### About this task:
Below is a listing. Return the lines from the one that contains "A home in Yamhill" to the one that contains "Продаж 3 кімн.", both ends included, verbatim and with no pictures.
━━━━━ Data provided
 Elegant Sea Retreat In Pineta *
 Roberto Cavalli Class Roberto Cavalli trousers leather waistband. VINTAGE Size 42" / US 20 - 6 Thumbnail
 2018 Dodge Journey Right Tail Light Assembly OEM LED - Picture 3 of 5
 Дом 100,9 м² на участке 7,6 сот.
━━━━━━━━━━
━━━━━ Data provided
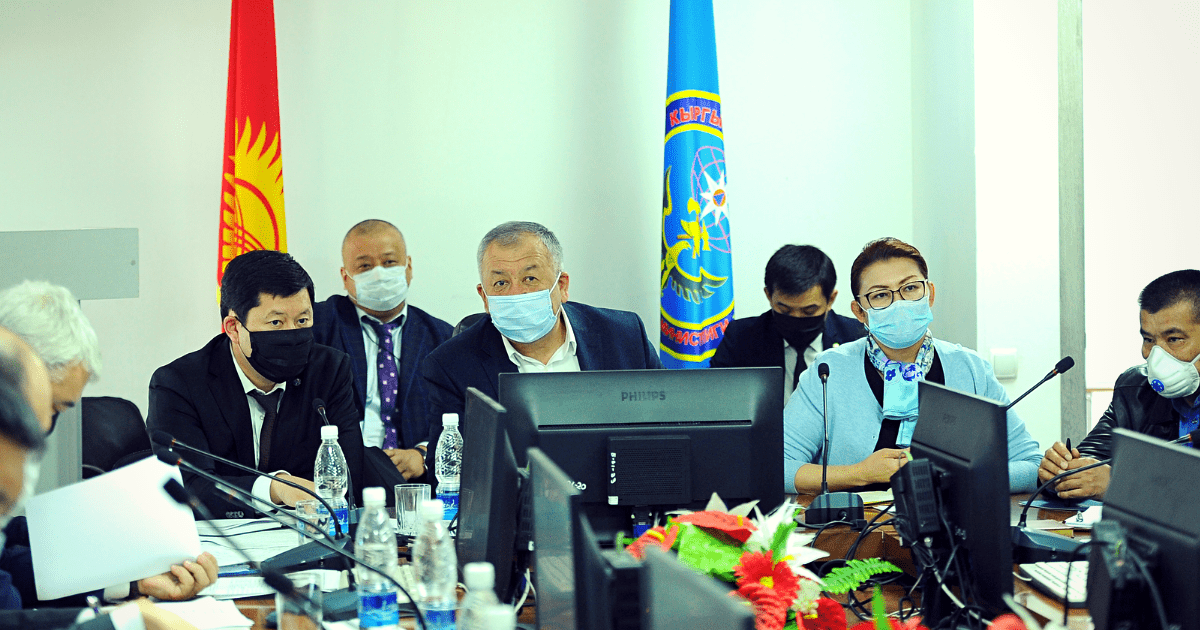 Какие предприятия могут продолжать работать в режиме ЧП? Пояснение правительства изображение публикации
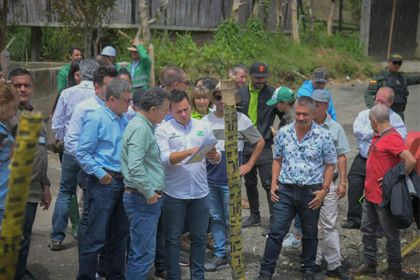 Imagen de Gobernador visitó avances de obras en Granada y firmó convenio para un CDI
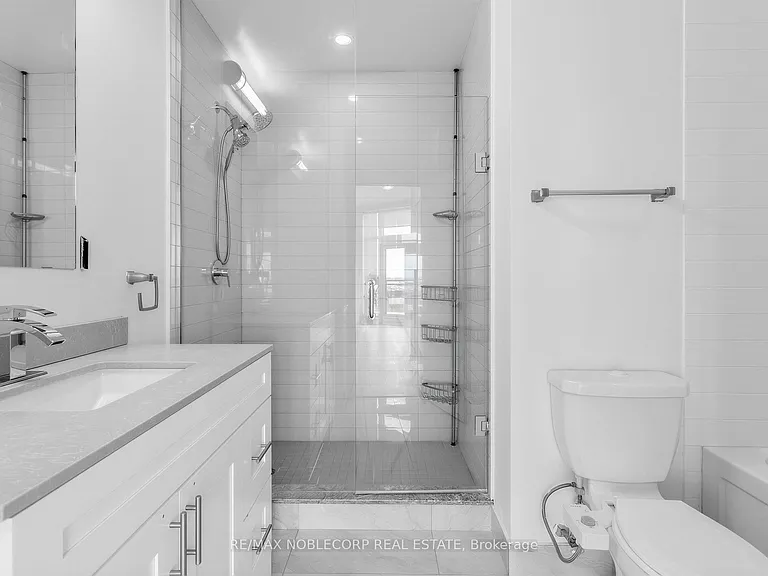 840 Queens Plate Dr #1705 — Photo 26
━━━━━━━━━━
━━━━━ Data provided
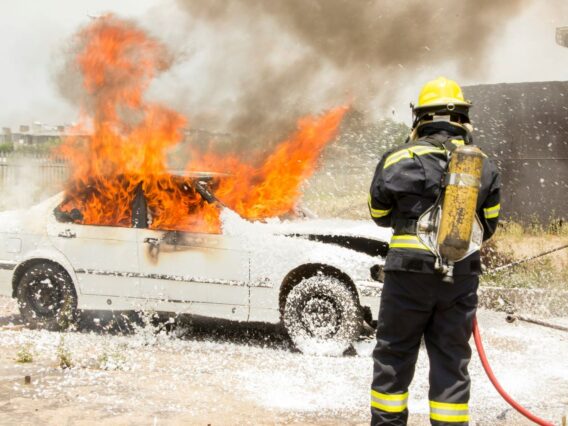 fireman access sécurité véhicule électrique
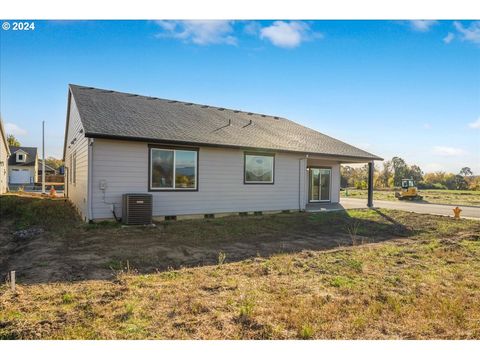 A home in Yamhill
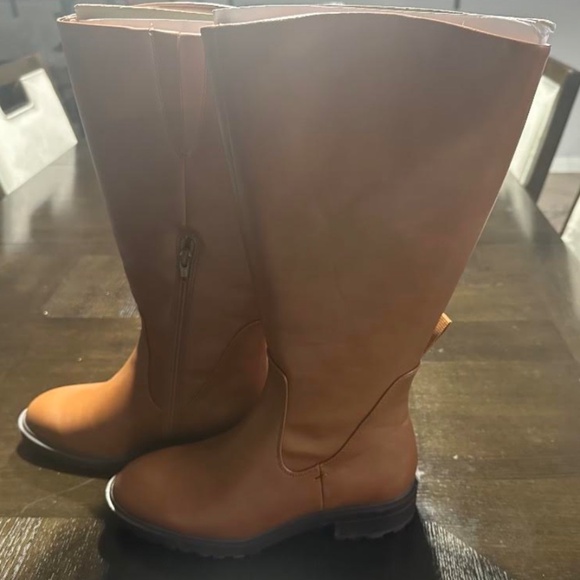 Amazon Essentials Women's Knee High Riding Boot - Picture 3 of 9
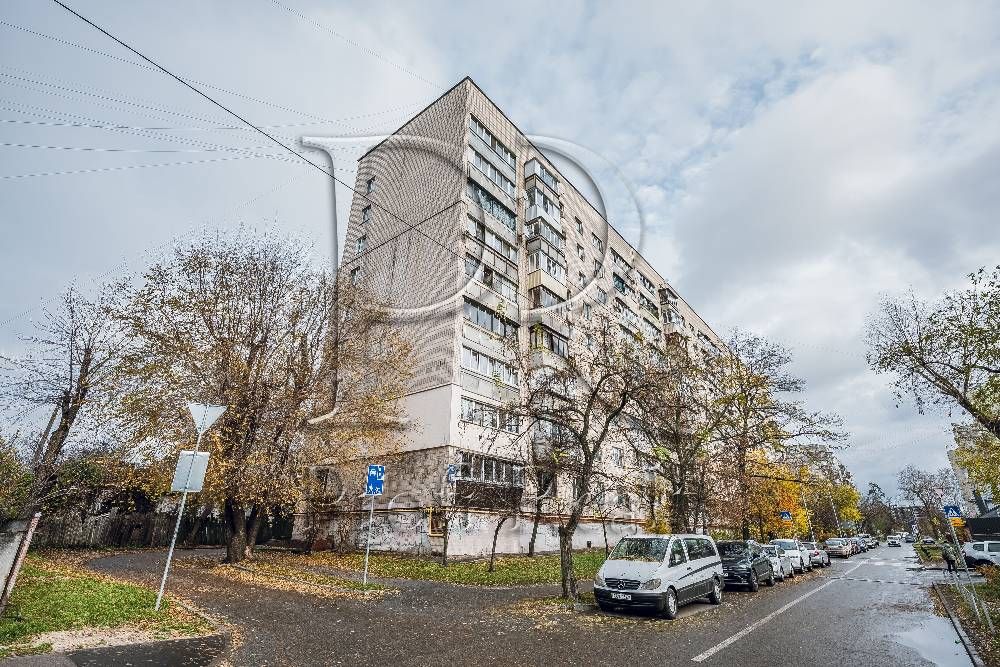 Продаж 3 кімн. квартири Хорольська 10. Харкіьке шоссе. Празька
━━━━━━━━━━
### Exercise answer:
 A home in Yamhill
 Amazon Essentials Women's Knee High Riding Boot - Picture 3 of 9
 Продаж 3 кімн. квартири Хорольська 10. Харкіьке шоссе. Празька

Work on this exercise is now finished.